The first half of the psalm paints a picture of the cosmos as constantly praising God. According to David, the universe isn’t merely a set of objects in motion. It’s a message to anyone who will hear it, and it means something: specifically, it means that the God who created it is great enough to bring something so incredible into being. I’d hope that even the most dyed-in-the-wool materialistic atheists would be able to recognize this psalm’s beauty, even if they disagree factually with its premise. I can’t help but be reminded of Switchfoot’s song, “Stars,” in which frontman Jon Foreman sings, “When I look at the stars, I see Someone Else.” So, it seems, does David the Psalmist.
I expect that Paul had this idea from the Hebrew Bible in mind, perhaps even this particular psalm, when he began writing his letter to the Romans. The opening line of the psalm, “The heavens are telling of the glory of God, and their expanse is declaring the work of His hands” (1), calls to mind Paul’s words, “For since the creation of the world His invisible attributes, His eternal power and divine nature, have been clearly seen, being understood through what has been made, so that they are without excuse” (Romans 1:20). Granted, Paul phrases it less poetically and more didactically, but he’s writing a letter to a church, not a song, so we’ll give him a pass.

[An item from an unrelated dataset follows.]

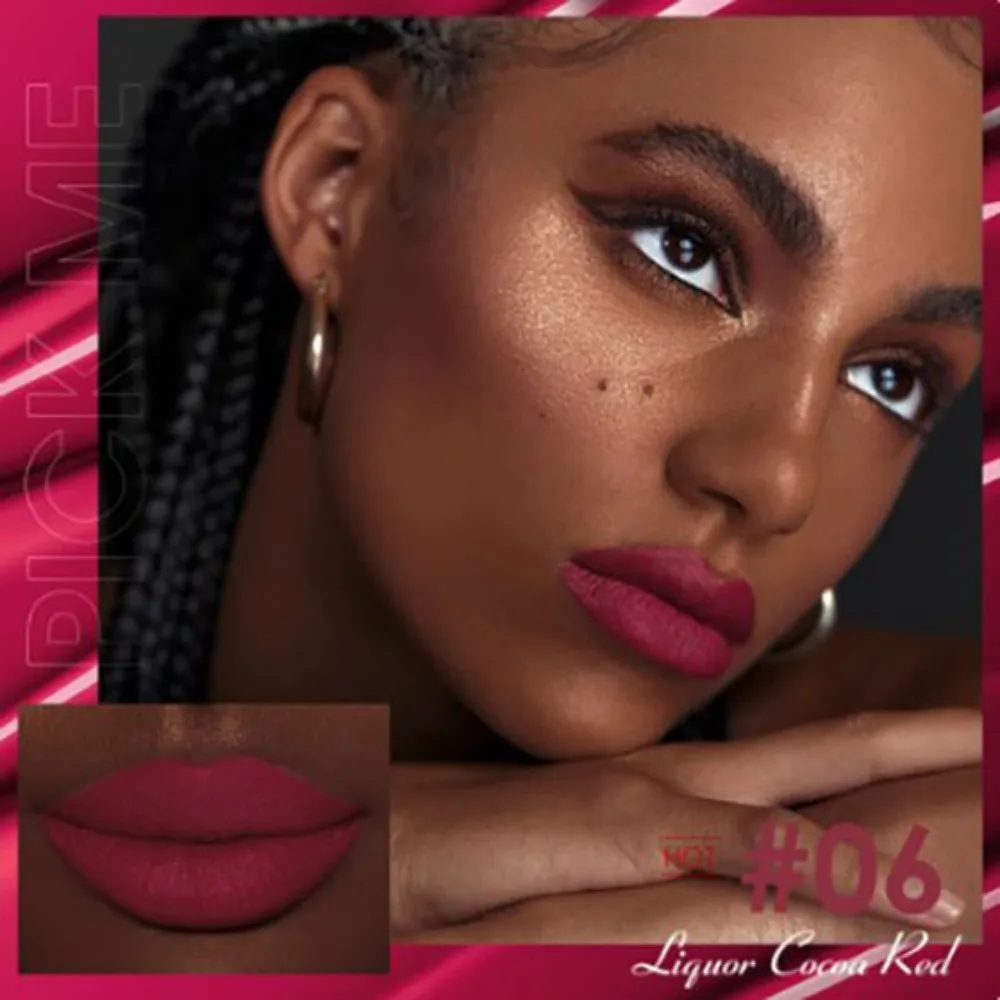 Matte Afwerking O. Tw O.o Vloeibare Lippenstift Waterdicht Niet Gemakkelijk Te Vervagen Matte Afwerking Sexy Zijdeachtige Lipgloss Die De Cup Niet Aanraakt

The second half of the psalm extols God’s word. It repeats the form “The X of the Lord is Y, doing Z,” considering God’s law, testimony, precepts, commandment, fear, and judgments, and concluding that they are more desirable than gold and sweeter than honey (10). According to David, God shows his goodness to us by speaking to us in ways that benefit us, whether through commandments for our guidance, wisdom for our instruction, or rebuking for our discipline.
After surveying all the things God has spoken in his word, David writes:
Who can discern [Your servant’s] errors? Acquit me of hidden faults. Also keep back Your servant from presumptuous sins; let them not rule over me; then I will be blameless, and I shall be acquitted of great transgression. (12-13)
When David considers God’s standard, he realizes his own failure to measure up, and his own capacity for self-deception. We are not good people, and we want to believe we are good people more badly than we want to be good people. Recognizing sin in himself, all the ways he’s missed the mark, David realizes that whatever goodness he might possess is not enough. He’s counting on God for forgiveness, correction, and protection from falling into further sin.
I’m not entirely sure what the connection between the two sections of the psalm are; thematically, it could almost form two separate psalms. Perhaps it’s natural to move from contemplation of God’s created world to God’s word and one’s own moral smallness, but that’s a consideration for another time.